Once again, the experimenter’s prior knowledge and hypothesis can be very useful in making this decision.  In this case, the experimenters had the benefit of their mathematical models in guiding their hypothesis and choosing the range of temperatures for collecting the data on the growth rates.

Reference:

Gänzle, Michael G., Michaela Ehmann, and Walter P. Hammes. “Modeling of growth of Lactobacillus sanfranciscensis and Candida milleri in response to process parameters of sourdough fermentation.” Applied and environmental microbiology 64.7 (1998): 2616-2623.

Applied Statistics Lesson of the Day – Choosing the Number of Levels for Factors in Experimental Design

The experimenter needs to decide the number of levels for each factor in an experiment.

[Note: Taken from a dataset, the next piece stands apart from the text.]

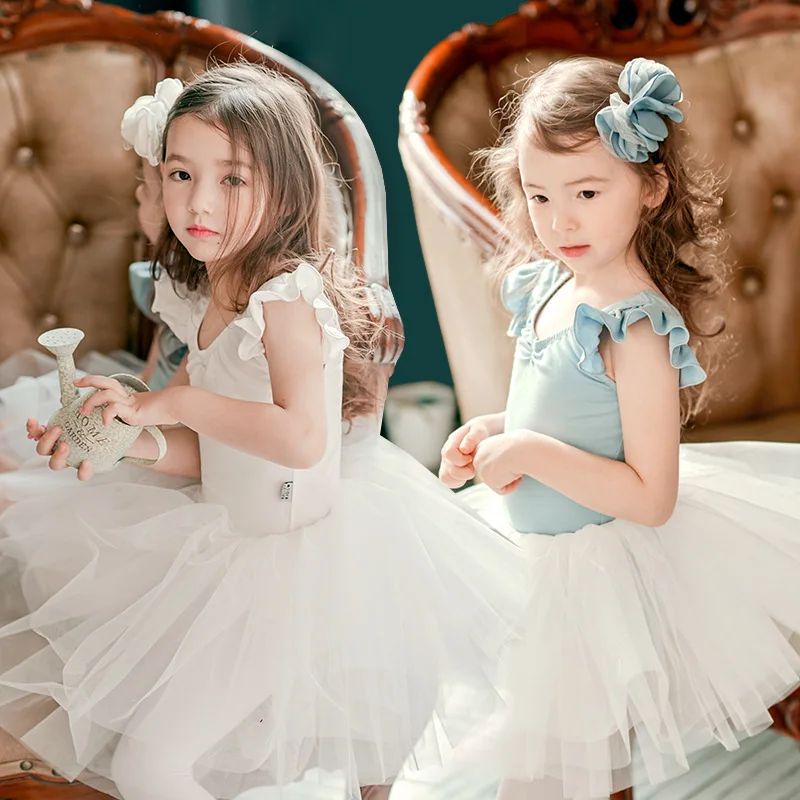 Kids Ballet Dress Summer girls practice clothes white gauze skirt dance split body sets Ballerina Party Costumes Princess Dress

  • For a qualitative (categorical) factor, the number of levels may simply be the number of categories for that factor.  However, because of cost constraints, an experimenter may choose to drop a certain category.  Based on the experimenter’s prior knowledge or hypothesis, the category with the least potential for showing a cause-and-effect relationship between the factor and the response should be dropped.
  • For a quantitative (numeric) factor, the number of levels should reflect the cause-and-effect relationship between the factor and the response.  Again, the experimenter’s prior knowledge or hypothesis is valuable in making this decision.
    • If the relationship in the chosen range of the factor is hypothesized to be roughly linear, then 2 levels (perhaps the minimum and the maximum) should be sufficient.
    • If the relationship in the chosen range of the factor is hypothesized to be roughly quadratic, then 3 levels would be useful.  Often, 3 levels are enough.
    • If the relationship in the chosen range of the factor is hypothesized to be more complicated than a quadratic relationship, consider using 4 or more levels.

Applied Statistics Lesson of the Day – Basic Terminology in Experimental Design #1

The word “experiment” can mean many different things in various contexts.  In science and statistics, it has a very particular and subtle definition, one that is not immediately familiar to many people who work outside of the field of experimental design. This is the first of a series of blog posts to clarify what an experiment is, how it is conducted, and why it is so central to science and statistics.

Experiment: A procedure to determine the causal relationship between 2 variables – an explanatory variable and a response variable.  The value of the explanatory variable is changed, and the value of the response variable is observed for each value of the explantory variable.

  • An experiment can have 2 or more explanatory variables and 2 or more response variables.
  • In my experience, I find that most experiments have 1 response variable, but many experiments have 2 or more explanatory variables.  The interactions between the multiple explanatory variables are often of interest.
  • All other variables are held constant in this process to avoid confounding.

Explanatory Variable or Factor: The variable whose values are set by the experimenter.  This variable is the cause in the hypothesis.  (*Many people call this the independent variable.  I discourage this usage, because “independent” means something very different in statistics.)

Response Variable: The variable whose values are observed by the experimenter as the explanatory variable’s value is changed.  This variable is the effect in the hypothesis.  (*Many people call this the dependent variable.  Further to my previous point about “independent variables”, dependence means something very different in statistics, and I discourage using this usage.)

Factor Level: Each possible value of the factor (explanatory variable).  A factor must have at least 2 levels.

Treatment: Each possible combination of factor levels.

  • If the experiment has only 1 explanatory variable, then each treatment is simply each factor level.
  • If the experiment has 2 explanatory variables, X and Y, then each treatment is a combination of 1 factor level from X and 1 factor level from Y.  Such combining of factor levels generalizes to experiments with more than 2 explanatory variables.

Experimental Unit: The object on which a treatment is applied.  This can be anything – person, group of people, animal, plant, chemical, guitar, baseball, etc.